In a letter Sunday, Sen. Elizabeth Warren, D-MA, called out the Office of the Comptroller of the Currency for talking tough with regard to bank mergers and acquisitions but, in her view, failing to follow through.
Warren and 12 congressional Democrats wrote Acting Comptroller Michael Hsu and the Federal Reserve’s vice chair for supervision, Michael Barr, urging the regulators to block Capital One’s proposed $35.3 billion acquisition of Discover on the grounds that it would reduce competition — and, with it, take away card issuers’ incentives to offer customers favorable terms.
Warren and the co-signers also asked Hsu to strengthen a policy statement the OCC issued last month that aimed to give more transparency into how merger applications are considered and which factors add up to approval.
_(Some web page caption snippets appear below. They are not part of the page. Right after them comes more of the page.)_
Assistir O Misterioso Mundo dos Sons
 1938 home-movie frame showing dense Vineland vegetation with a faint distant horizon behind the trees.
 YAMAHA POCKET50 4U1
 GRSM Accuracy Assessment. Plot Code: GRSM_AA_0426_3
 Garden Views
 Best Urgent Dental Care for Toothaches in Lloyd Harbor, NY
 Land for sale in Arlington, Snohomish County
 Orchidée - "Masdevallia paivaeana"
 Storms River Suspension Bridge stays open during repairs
The proposal would do away with a 1996 OCC rule dictating that bank deals are deemed approved by the OCC on the 15th day after the end of the comment period, unless the agency removes the filing from expedited processing.
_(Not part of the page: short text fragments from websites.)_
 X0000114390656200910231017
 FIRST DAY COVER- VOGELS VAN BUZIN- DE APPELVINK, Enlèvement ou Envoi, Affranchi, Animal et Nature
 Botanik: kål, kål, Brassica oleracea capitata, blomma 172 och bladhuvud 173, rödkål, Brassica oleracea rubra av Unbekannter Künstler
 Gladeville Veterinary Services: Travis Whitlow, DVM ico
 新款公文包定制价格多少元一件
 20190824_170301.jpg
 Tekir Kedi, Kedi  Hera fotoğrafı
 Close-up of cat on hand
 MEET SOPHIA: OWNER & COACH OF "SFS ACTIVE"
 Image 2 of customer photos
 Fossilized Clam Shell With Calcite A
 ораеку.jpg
“One risk is that we approve too many mergers and therefore we’re approving bad mergers. The other risk is we approve too few mergers and therefore there are good mergers that should happen that aren’t,” Hsu told Reuters last month. “The purpose of being transparent is to encourage more accuracy on both ends.”
Warren, however, argued the OCC’s “actions fly in the face of these concerns.”
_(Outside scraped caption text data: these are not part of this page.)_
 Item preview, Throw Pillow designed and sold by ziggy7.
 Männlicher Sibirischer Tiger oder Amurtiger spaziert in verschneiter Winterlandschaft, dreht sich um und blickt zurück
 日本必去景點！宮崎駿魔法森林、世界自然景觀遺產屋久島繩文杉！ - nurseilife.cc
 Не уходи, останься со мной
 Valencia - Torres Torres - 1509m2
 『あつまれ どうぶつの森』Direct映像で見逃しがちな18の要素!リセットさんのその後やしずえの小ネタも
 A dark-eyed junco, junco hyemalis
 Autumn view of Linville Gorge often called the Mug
“The agency approved almost every merger application it received in the last three years: 43 mergers in 2021, 30 in 2022, and 23 in 2023,” including JPMorgan Chase’s acquisition last year of First Republic, she wrote.
The policy statement, she added, “essentially codifies the OCC’s current, permissive approach to bank mergers — the same standard operating procedure that for decades has failed to protect consumer and the financial system.”
This is hardly the first eight-figure proposed bank deal against which Warren has spoken out. Warren in June 2022, urged the OCC to block TD’s proposed $13.4 billion acquisition of First Horizon, citing a Capitol Forum report that alleged TD incentivized employees to enroll customers in new accounts and services like overdraft protection without their consent. TD and First Horizon terminated the deal over “uncertainty” as to whether or when the tie-up would gain U.S. regulators’ approval.
The U.S.’s preeminent bank CEO, JPMorgan Chase’s Jamie Dimon, advocated Monday for Capital One to get a fair shake.
“My view is, let them compete,” Dimon told CNBC. “Let them try, and if we think it’s unfair, we’ll complain about that.”
If the acquisition is approved, Capital One would surpass JPMorgan as the nation’s largest credit card lender.
Approval, in Dimon’s eyes, would also mean Capital One would have an “unfair advantage versus us” in debit payments because the Durbin Amendment limits debit fees for large banks, but not card companies like Discover.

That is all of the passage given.